Image-text web data:
- Opening Delimiter -

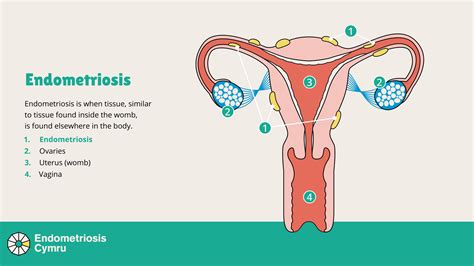 What is endometriosis? - Endo Cymru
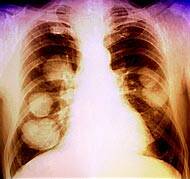 La mortalidad por cáncer de pulmón aumenta entre las mujeres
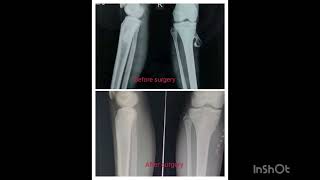 BONETUMOR REMOVALOSTEOCHONDROMAJABISETTYHOSPITALADVANCEDCENTERFOR KNEREPLACEMENTARTHROSCOPYkhmm [upl. by Lubeck]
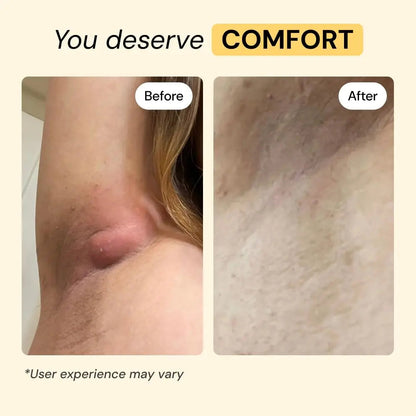 MyMagicHealer Universal Flare Care – Multi-Purpose Solution | Skin Flare-Ups - Hidradenitis Suppurativa, Folliculitis, Boils, Cysts | Anti-Chafing | Irritated Skin Relief w/Propolis & Egg Yolk 1 oz MyMagicHealerBuy Supplements Australia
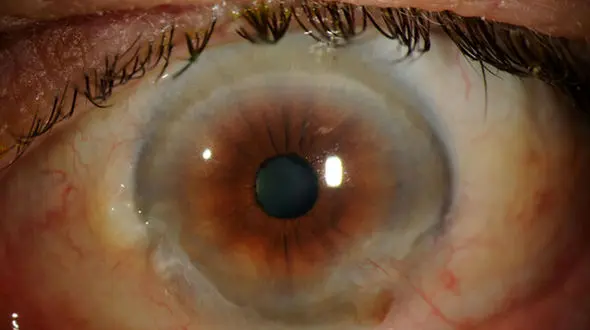 راه های درمانی آب مروارید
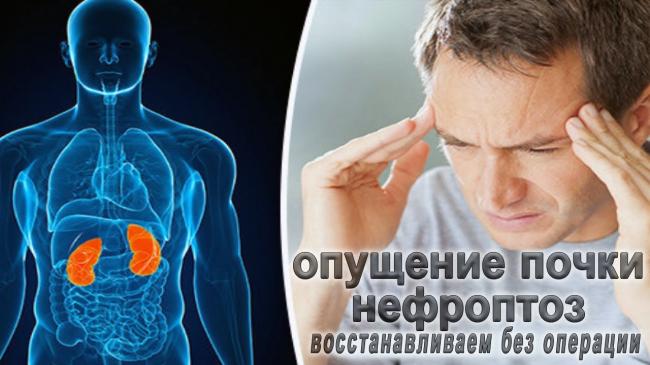 Стадии развития нефроптоза правой почки: симптомы, лечение и предупреждение заболевания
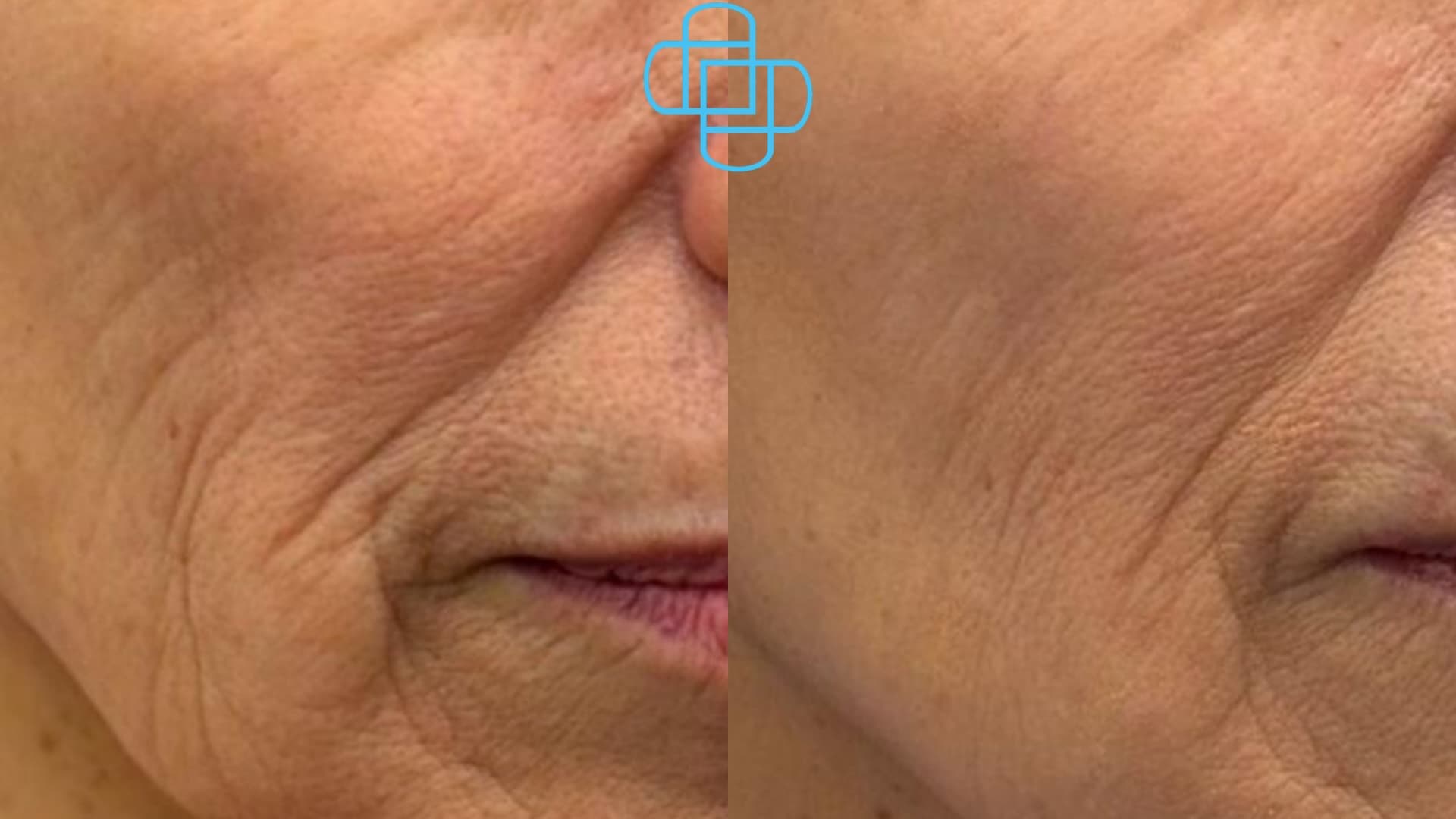 Antes y después: Sculptra disminuye arreguas finas y elimina flacidez
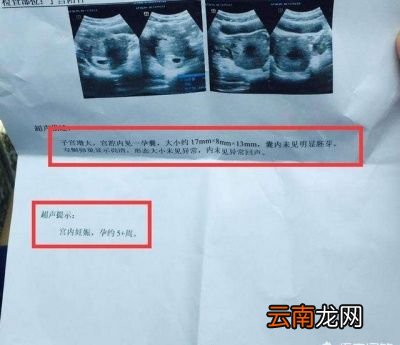 刚刚怀孕有五天要不要去医院检查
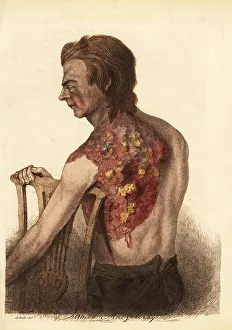 Shoulder Prints: Soldier with an abscess from a gunshot wound to the shoulder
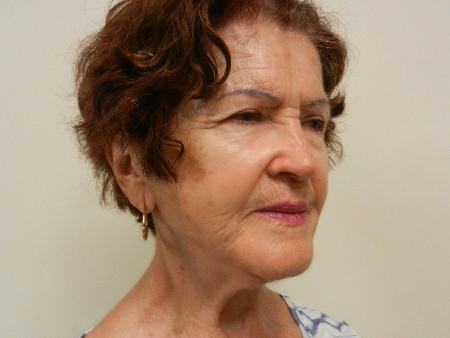 After Image: Patient # 79225 - 
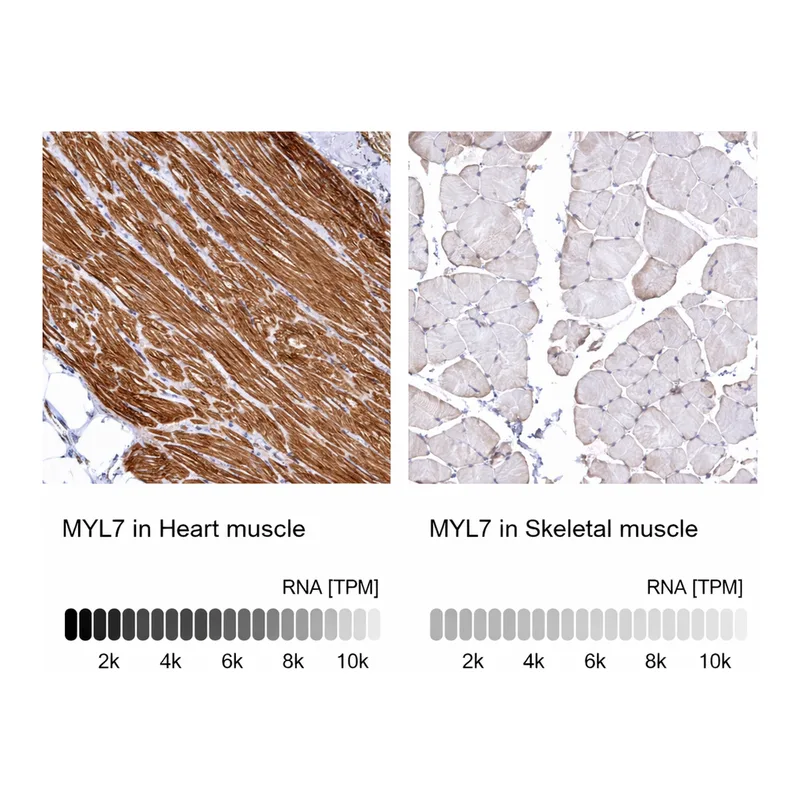 Atlas Antibodies Anti-MYL7 Antibody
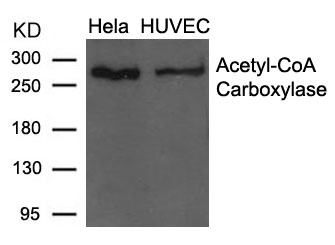 Rabbit Polyclonal Antibody to Acetyl-CoA Carboxylase(Ab-79)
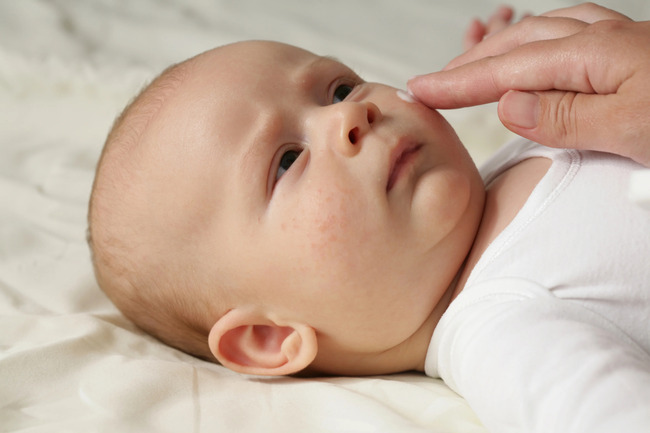 Sốt phát ban ở trẻ các nốt ban rải khắp cơ thể khác với chàm sữa chỉ xuất hiện trên một vùng nhỏ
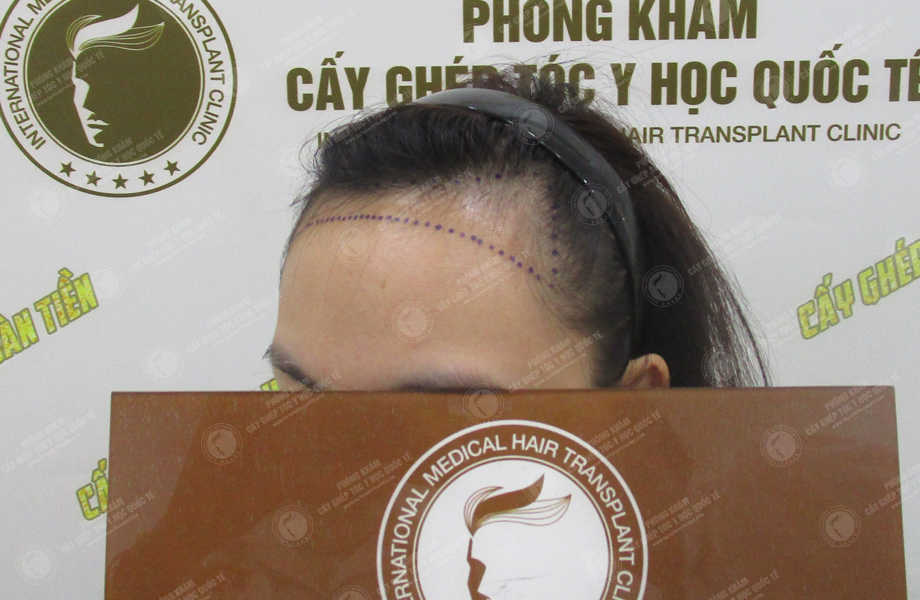 Phạm Hồng Loan - Điều chỉnh đường chân tóc 4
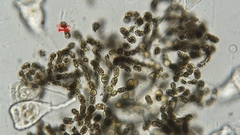 Dolichospermum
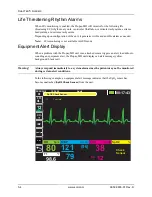 Preview for 78 page of ZOLL Propaq MD Operator'S Manual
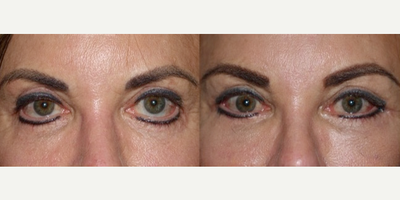 55-64 year old woman treated with Eyelid Retraction Repair - This wonderful woman unfortunately ended up with her lower lids being pulled down (retraction) and out (ectropion) after eyelid surgery with another doctor. She also had ptosis or upper lid height drooping. These pictures show her before and less than one month after complicated lower lid revision and upper ptosis repair (muscle shortening to lift lids).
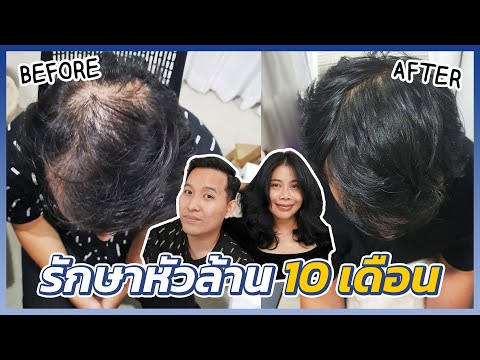 วีดีโอ: 10 วิธีในการเป็นผู้หญิงหัวล้านและสวย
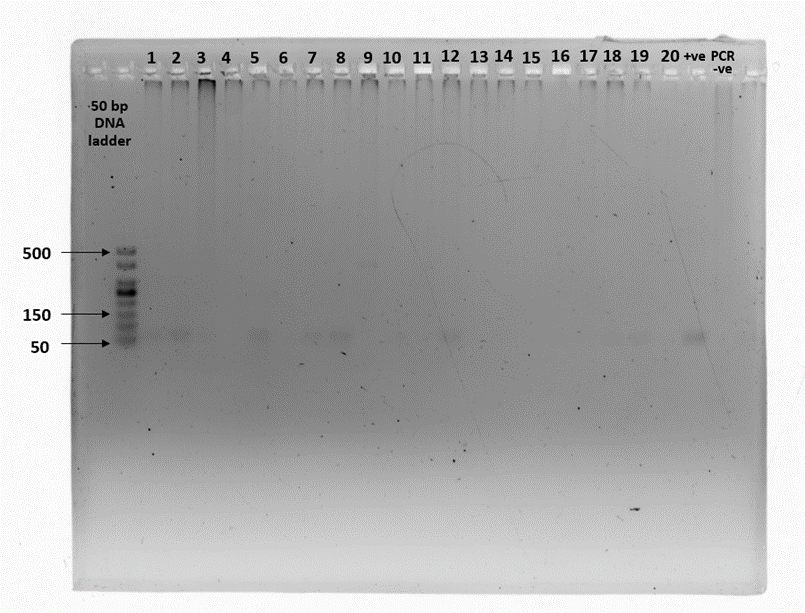 Gel electrophoresis plate described in caption 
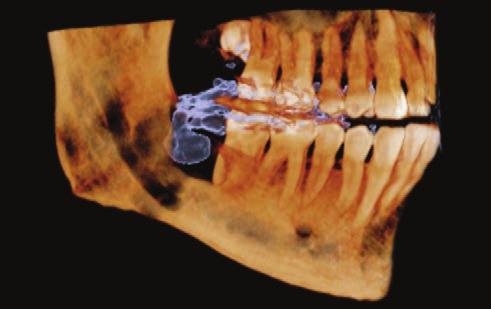 5 x ø 5 cm Diagnostyka punktowa: Planowanie pojedynczych implantów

- Closing Delimiter -

**What needs to be done**
Where a record above holds a picture, drop the picture and print the rest exactly.

**Task result**
 What is endometriosis? - Endo Cymru
 La mortalidad por cáncer de pulmón aumenta entre las mujeres
 BONETUMOR REMOVALOSTEOCHONDROMAJABISETTYHOSPITALADVANCEDCENTERFOR KNEREPLACEMENTARTHROSCOPYkhmm [upl. by Lubeck]
 MyMagicHealer Universal Flare Care – Multi-Purpose Solution | Skin Flare-Ups - Hidradenitis Suppurativa, Folliculitis, Boils, Cysts | Anti-Chafing | Irritated Skin Relief w/Propolis & Egg Yolk 1 oz MyMagicHealerBuy Supplements Australia
 راه های درمانی آب مروارید
 Стадии развития нефроптоза правой почки: симптомы, лечение и предупреждение заболевания
 Antes y después: Sculptra disminuye arreguas finas y elimina flacidez
 刚刚怀孕有五天要不要去医院检查
 Shoulder Prints: Soldier with an abscess from a gunshot wound to the shoulder
 After Image: Patient # 79225 - 
 Atlas Antibodies Anti-MYL7 Antibody
 Rabbit Polyclonal Antibody to Acetyl-CoA Carboxylase(Ab-79)
 Sốt phát ban ở trẻ các nốt ban rải khắp cơ thể khác với chàm sữa chỉ xuất hiện trên một vùng nhỏ
 Phạm Hồng Loan - Điều chỉnh đường chân tóc 4
 Dolichospermum
 Preview for 78 page of ZOLL Propaq MD Operator'S Manual
 55-64 year old woman treated with Eyelid Retraction Repair - This wonderful woman unfortunately ended up with her lower lids being pulled down (retraction) and out (ectropion) after eyelid surgery with another doctor. She also had ptosis or upper lid height drooping. These pictures show her before and less than one month after complicated lower lid revision and upper ptosis repair (muscle shortening to lift lids).
 วีดีโอ: 10 วิธีในการเป็นผู้หญิงหัวล้านและสวย
 Gel electrophoresis plate described in caption 
 5 x ø 5 cm Diagnostyka punktowa: Planowanie pojedynczych implantów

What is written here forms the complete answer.